Beamer’s power is not limited to nicely formatted slides — you can have transitions and animation too. Also, almost all LaTeX constructs can be used inside the beamer class. The commonly used ones are begin{itemize} and \begin{enumerate} environments, which provide bullets and numbering, respectively. Another useful one is \begin{block} add \end{block} environment, which helps highlight a specific piece of text. For example (results shown in Figure 2):

\begin{frame}
\frametitle{Introduction}
\framesubtitle{Hello World Tutorial}
\begin{block}{Beamer}
Hello World from Beamer
\end{block}
\end{frame}

Block
Figure 2: Block

Beamer has some built-in environments for definitions, theorems, lemma, proofs, corollaries, examples, etc., which we can use instead of using the block environment. For example, we can create an example block as follows:

\begin{example}
Hello World from Beamer
\end{example}

To add a table of contents, you can use the \tableofcontents environment inside a frame. Content information is taken from \section{} parts in the document. Beamer lets you give extra options within []. For example, to list the table of contents sections one after another, you can add the [pausesections] option to \tableofcontents, as follows: \tableofcontents[pausesections].

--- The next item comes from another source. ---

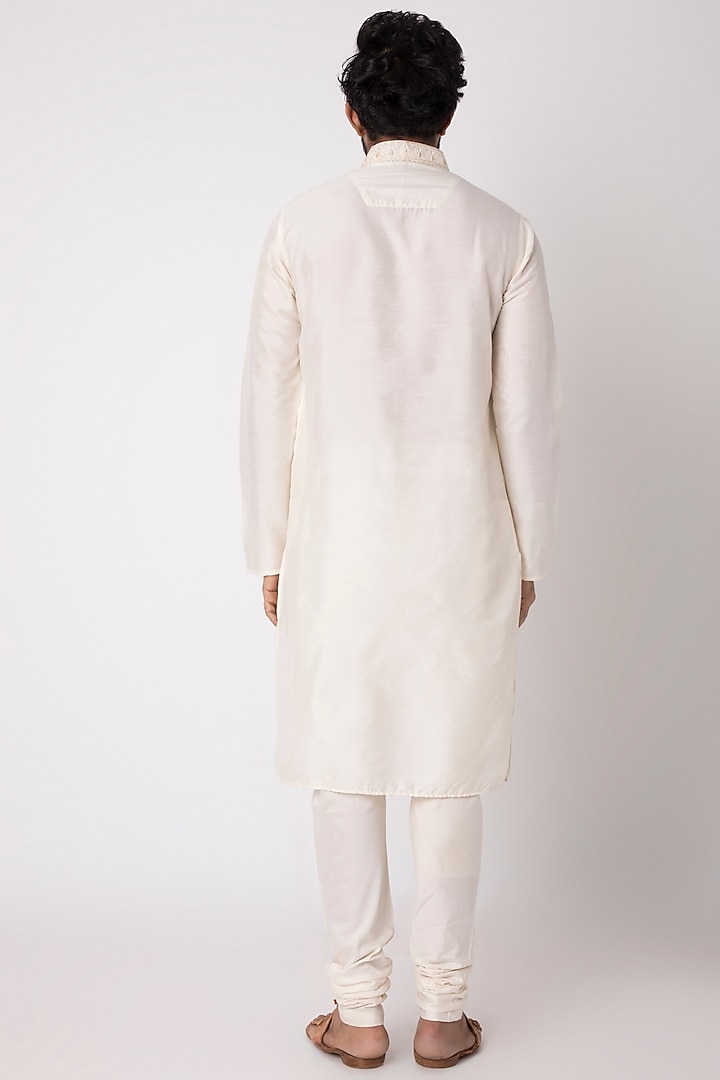 White Cotton Kurta With Full Sleeves by ILAPTI Men at Pernia's Pop Up Shop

Options can be used elsewhere too — for example, for a custom title and author name in the footer section, use the following commands:

\documentclass{beamer}
\usetheme{Warsaw}
\title[Beamer Intro]{Beamer - Introduction to \LaTeX presentation making}
\author[J E S T I N]{Jestin Joy}

Overlays are used extensively when creating a MS PowerPoint presentation. Beamer also has overlay functionality, usually used along with the itemize or enumerate environment:

\begin{frame}
\begin{example}
Some good Latex Editors are
\begin{itemize}
\item<2-> Texmaker
\item<3-> Emacs + AUCTEX
\item<4-> Kile
\end{itemize}
\end{example}
\end{frame}

Here, the overlay specifications are used with the itemize environment, which displays data in a list. The numbers <2->,<3->… represent the order in which they are to be displayed. If <1-> is given, then the Texmaker option comes in the first time itself.

The number of slides needed is automatically computed by Beamer. The above frame needs four slides in total. A simple .tex file that includes the above techniques follows:

\documentclass{beamer}
\usetheme{Warsaw}
\title[Beamer Intro]{Beamer - Introduction to \LaTeX presentation making}
\author[J E S T I N]{Jestin Joy}
\begin{document}
\begin{frame}
\titlepage
\end{frame}
\begin{frame}
\frametitle{Outline}
\tableofcontents[pausesections]
\end{frame}
\section{Introduction}
\begin{frame}
\frametitle{Introduction}
\framesubtitle{Hello World Tutorial}
\begin{example}
Hello World from Beamer
\end{example}
\end{frame}
\section{Itemize example}
\begin{frame}
\begin{example}
Some good Latex Editors are
\begin{itemize}
\item<2-> Texmaker
\item<3-> Emacs + AUCTEX
\item<4-> Kile
\end{itemize}
\end{example}
\end{frame}
\end{document}

Beamer’s features are not limited to what’s been covered in this article, but include embedding dynamic effects, customising themes, layouts, fonts, and more. So… now that we have almost tamed Beamer, go start playing with it.